Yohanes menyatakan dirinya bersama tim kuasa hukum sudah berupaya meminta klarifikasi kepada lima mahasiswa dan Pimpinan Kampus STT Ekumene. Namun, undangan klarifikasi itu tidak dihadiri.
Laporan Yohanes terkait lima mahasiswanya itu diterima dengan nomor STTLP/B/6294/XII/2021/SPKT/ Polda Metro Jaya tertanggal 15 Desember 2021. Terdapat sejumlah pasal yang dipakai dalam laporan ini.

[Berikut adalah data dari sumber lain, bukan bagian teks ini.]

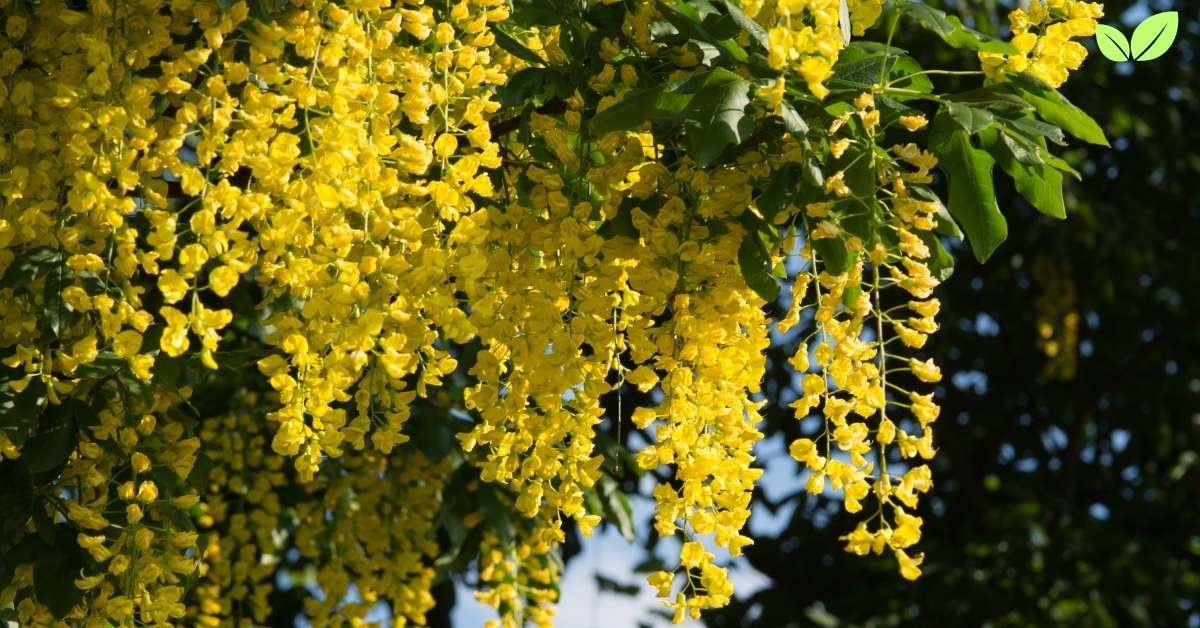 laburnum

Antara lain Pasal 263 KUHP dan atau Pasal 28 ayat (6) dan ayat (7) dan atau Pasal 42 ayat (4) juncto Pasal 93 UU 12/2012 tentang Pendidikan Tinggi.
Sampai saat ini laporan tersebut masih dalam proses penyelidikan dan belum ada tersangka. Yohanes menyatakan pihaknya masih terbuka untuk menyelesaikan kasus ini secara damai atau tanpa proses hukum.

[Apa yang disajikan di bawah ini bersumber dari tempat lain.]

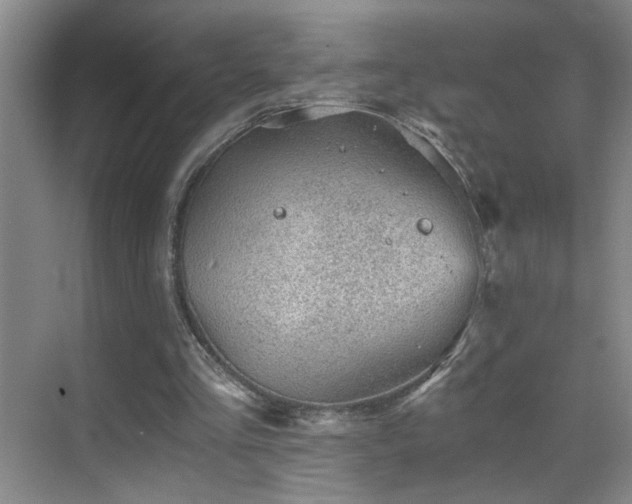 X0000069830293200605191147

"Apabila dari mahasiswa atau Pimpinan STT mau bertemu dan memperbaiki, jika memang benar ada hal tidak tepat, tentu saya mau. Artinya, saya punya dan mau diselesaikan secara baik, tidak harus melalui hukum. Apabila memang belum berhak untuk lulus, maka mahasiswa tadi jangan diluluskan dulu," katanya.

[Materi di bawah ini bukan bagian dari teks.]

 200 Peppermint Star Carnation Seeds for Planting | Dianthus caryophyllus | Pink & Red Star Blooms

Di sisi lain, kuasa hukum dari salah satu Pihak STT Ekumene, Marlas Hutasoit menyampaikan bahwa laporan ini masih dalam proses penyelidikan. Marlas menyebut sudah ada pihak STT Ekumene yang diklarifikasi atas laporan tersebut.
"Untuk keperluan klarifikasi, pihak STT Ekumene telah diperiksa dalam rangka memberikan klarifikasi di Penyelidik Polda Metro Jaya," kata Marlas.